# find the frequency with Fourier

I have a problem for obtain the frequency of oscillations with Fourier,

For example if I have

tf = 60;
NN = (tf + 1)/0.001;
dt = tf/NN;
data = Table[Sin[t], {t, 0., tf, 0.001}];
fft = Fourier[data];
peak1 = First[Position[Abs[fft], Max[Abs[fft]]]];


The frequency is obtained would be $$2\pi k/ N dt$$, where k is the position of the first peak. If I evaluate this expression I do not obtain the frequency.

• There's a factor of 2 Pi in formula for Fourier. Shouldn't the frequency be (peak1 -1)/tf? Jul 31, 2020 at 11:43
• Why did you set up NN and dt if you never use them on line 4? Also your Sin[t] should be Sin[2 pi f] for frequency f. You also need to take a look at the FourierParameters option of Fourier and finally, you should account for your sampling rate too. Jul 31, 2020 at 12:02
• See the "Applications" section of the docs of Fourier for an example of how to determine the frequency. The shortcoming of that example is that it uses a dt (or dx) of 1, and doesn't show how to modify the various steps. However, it's not hard to figure out.
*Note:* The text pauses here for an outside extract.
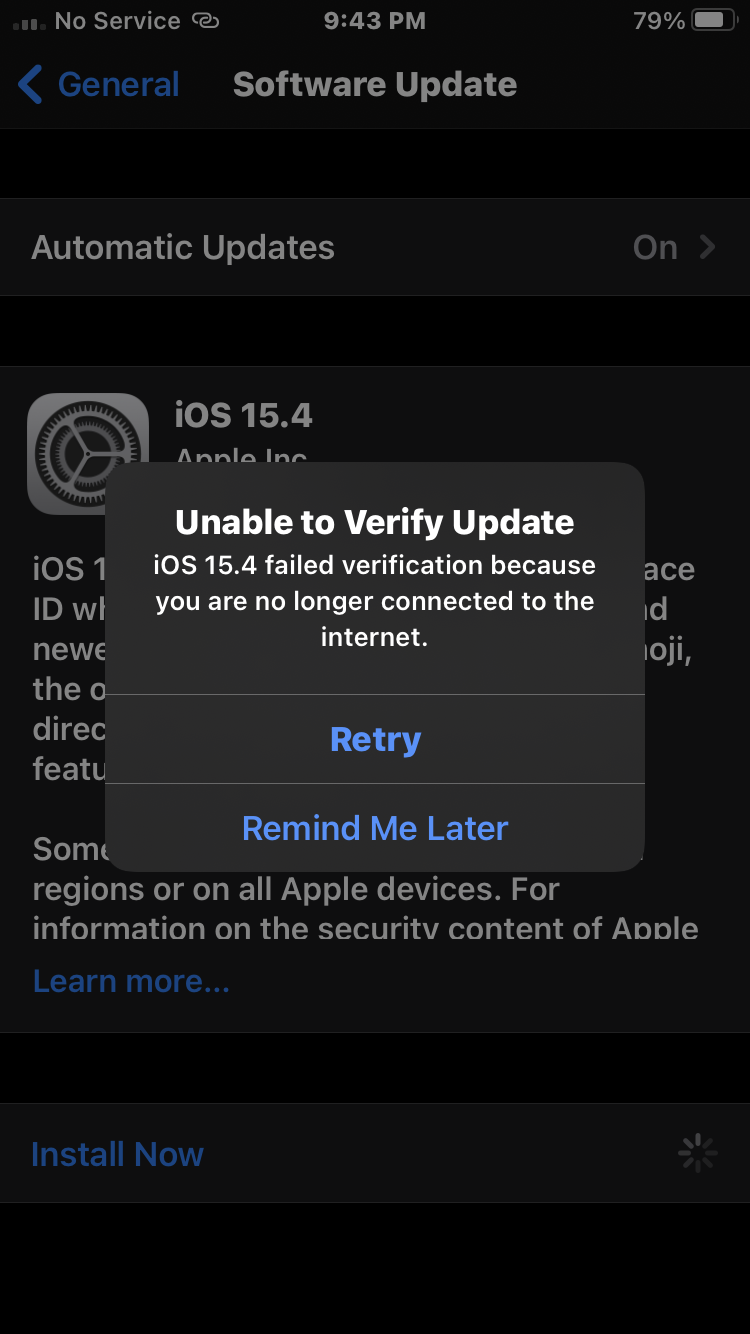 Why update was not installing in my iPhon… - Apple Community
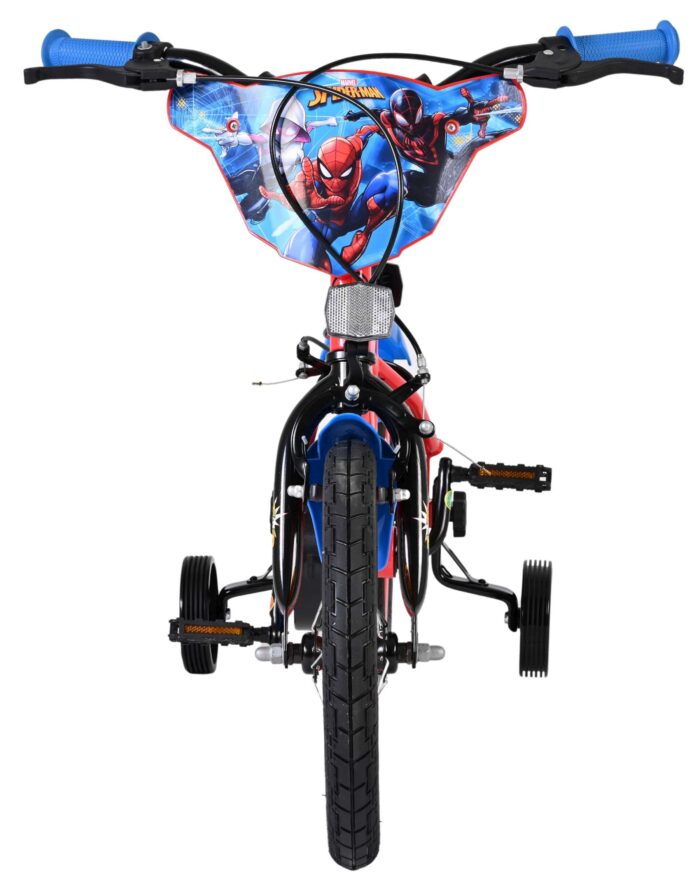 Spider-Man Kinderfiets - Jongens - 14 inch - Blauw/Rood - Twee handremmen - Afbeelding 6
Jul 31, 2020 at 12:03

OP's apparent intention:

tf = 60;
NN = (tf)/0.001;
dt = tf/NN;
data = Table[Sin[t], {t, 0., tf, 0.001}];
fft = Fourier[data];
peak1 = First@First[Position[Abs[fft], Max[Abs[fft]]]]
freq = (peak1 - 1)/tf

(*
11
0.166667
*)


It's closest estimate possible, since the adjacent estimates have a larger error:

1/(2 Pi) - (peak1 - {0, 1, 2})/tf // N

(*  {-0.0241784, -0.00751172, 0.00915494}  *)


Here is the method from the docs for Fourier (under "Applications"), which uses a more sophisticated approach:

Min[TakeLargest[Abs@fft, 2]];
peaks = Position[Abs[fft], x_ /; x >= %];
pos = First@First[peaks]

(*  11  *)

n = Length@fft;
fr = Abs[Fourier[data*Exp[2 Pi I (pos - 2) N[Range[0, n - 1]]/n],
FourierParameters -> {0, 2/n}]];
frpos = Position[fr, Max[fr]][[1, 1]];

period = N[n/(pos - 2 + 2 (frpos - 1)/n)] dt

(*  6.29278  *)

frequency = 1/period
1./(2 Pi)

(*
0.158912
0.159155
*)